Short text fragments from websites:
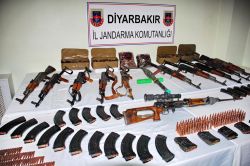 Otomobilde mühimmat çıktı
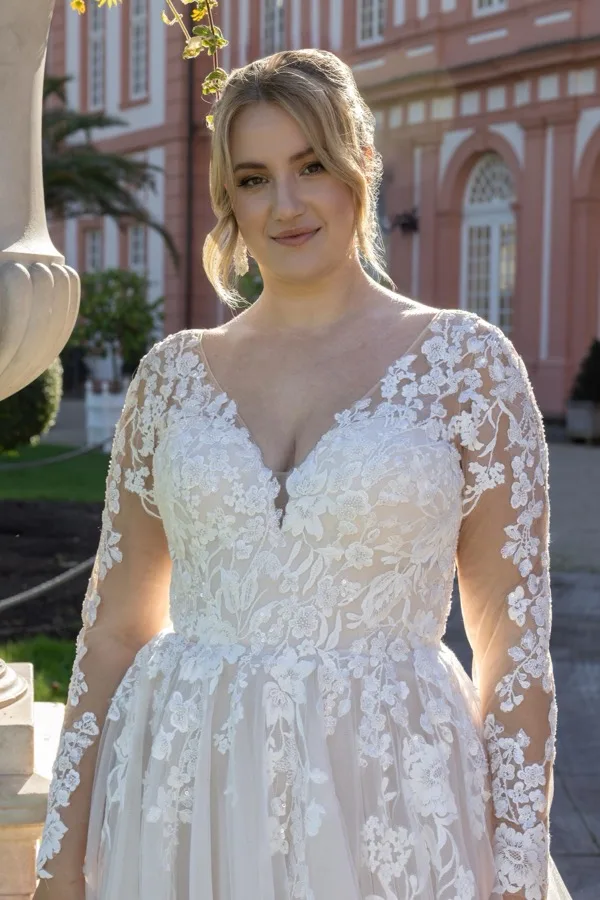 Brautkleid gro&szlig;e Gr&ouml;&szlig;en: Madonna-90801_12A4875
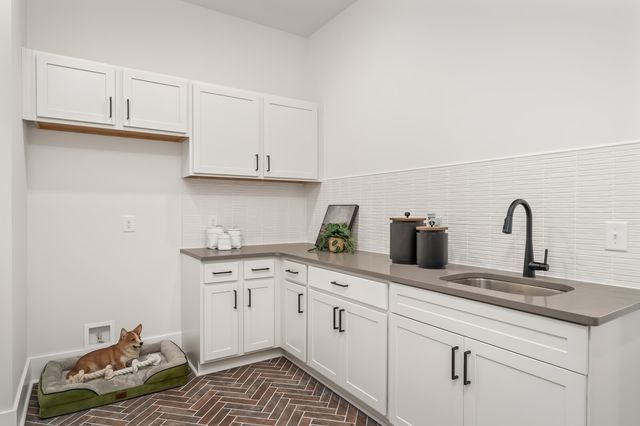 7262 Florim Ct, Fairview, TN 37062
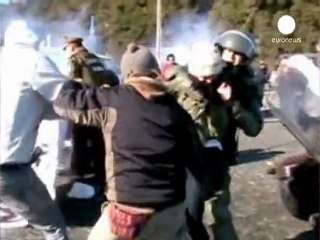 Cile, per protesta studenti bloccano traghetto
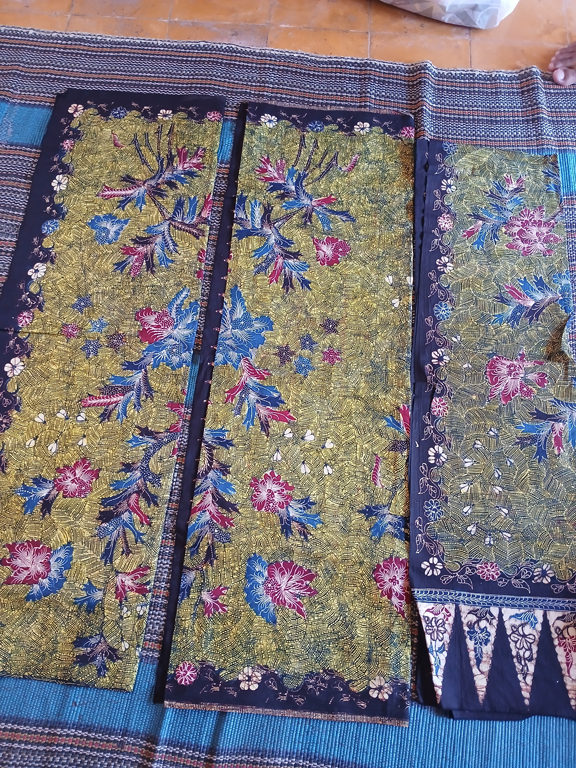 Motif Batik Sarimbit Sapu Lidi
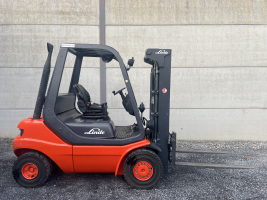 Linde H25D-03 heftruck 2,5 ton (69) TRIPLE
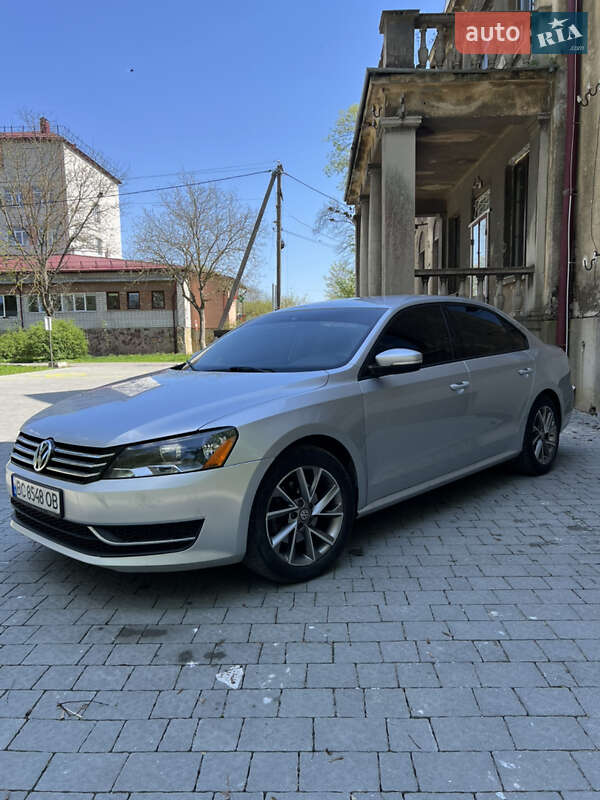 Седан Volkswagen Passat 2015 в Ходореві фото 26 Седан Volkswagen Passat 2015 в Ходореві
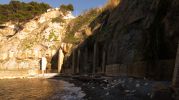 muros y columnas de piedra de la playa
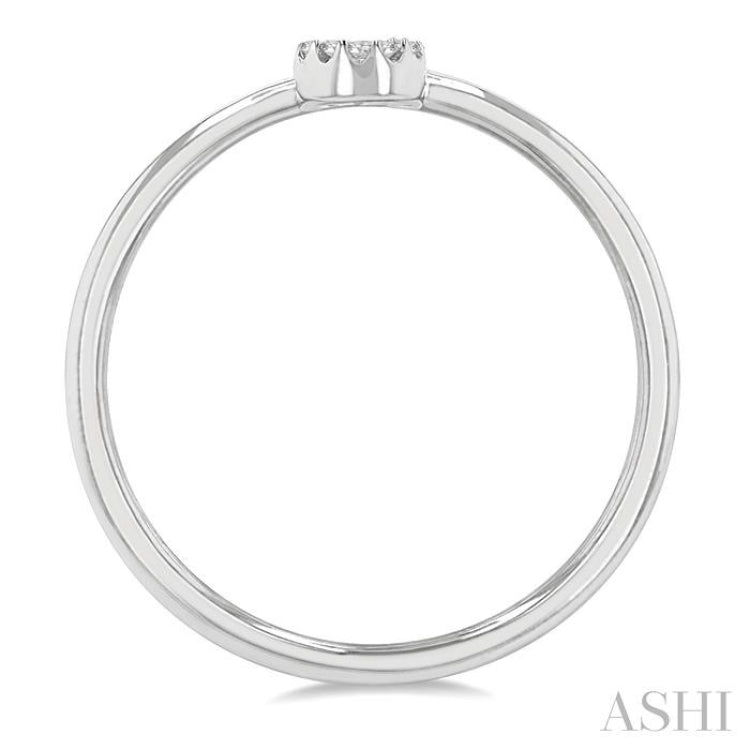 1/20 Ctw Initial 'S' Round Cut Diamond Fashion Ring in 10K White Gold 1/20 Ctw Initial 'S' Round Cut Diamond Fashion Ring in 10K White Gold
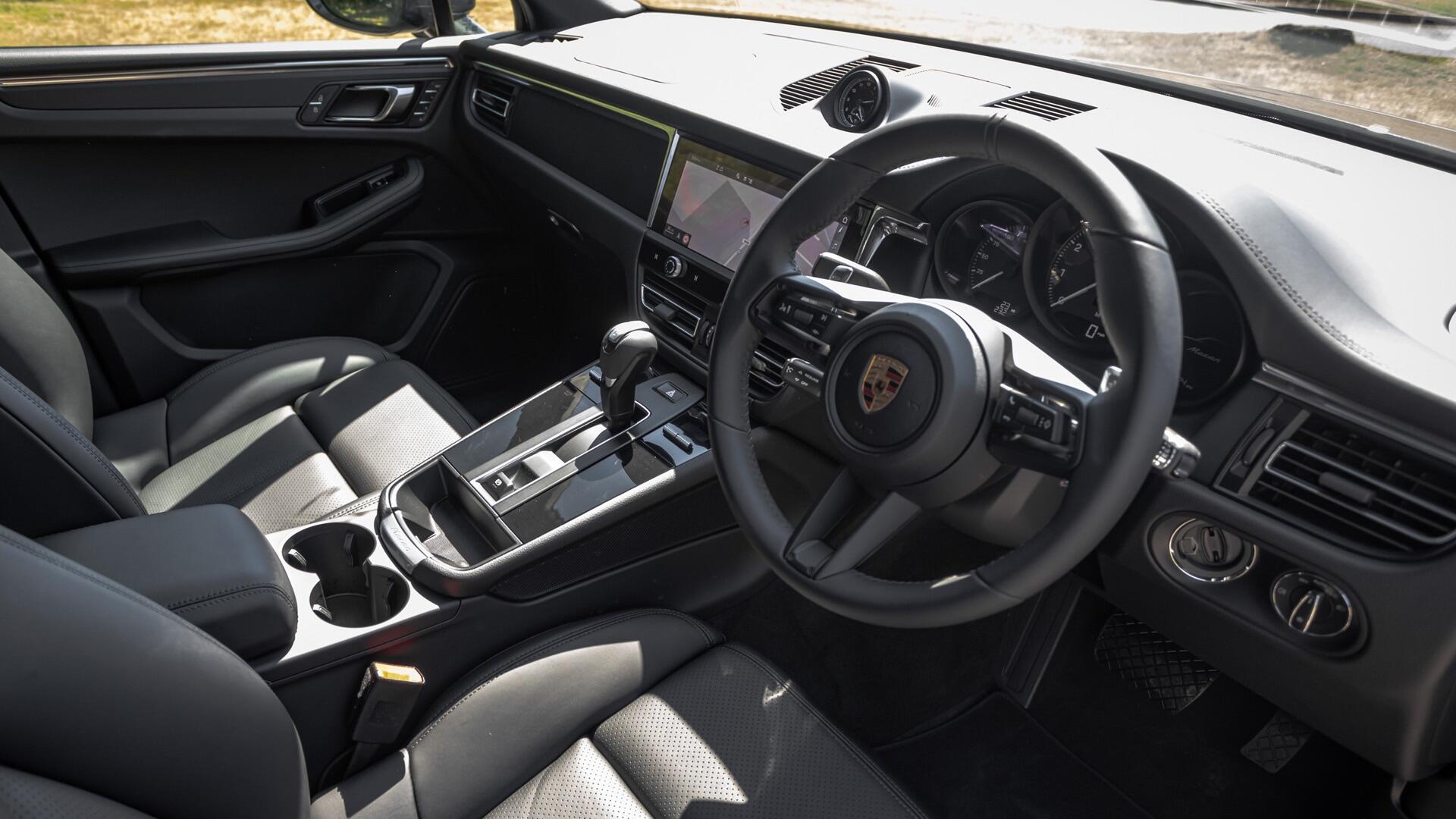 Porsche Macan view 9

- _WHAT THE TASK REQUIRES_:
Leave out every picture and copy the rest of the records exactly.

- _RESPONSE TO THIS TASK_:
 Otomobilde mühimmat çıktı
 Brautkleid gro&szlig;e Gr&ouml;&szlig;en: Madonna-90801_12A4875
 7262 Florim Ct, Fairview, TN 37062
 Cile, per protesta studenti bloccano traghetto
 Motif Batik Sarimbit Sapu Lidi
 Linde H25D-03 heftruck 2,5 ton (69) TRIPLE
 Седан Volkswagen Passat 2015 в Ходореві фото 26 Седан Volkswagen Passat 2015 в Ходореві
 muros y columnas de piedra de la playa
 1/20 Ctw Initial 'S' Round Cut Diamond Fashion Ring in 10K White Gold 1/20 Ctw Initial 'S' Round Cut Diamond Fashion Ring in 10K White Gold
 Porsche Macan view 9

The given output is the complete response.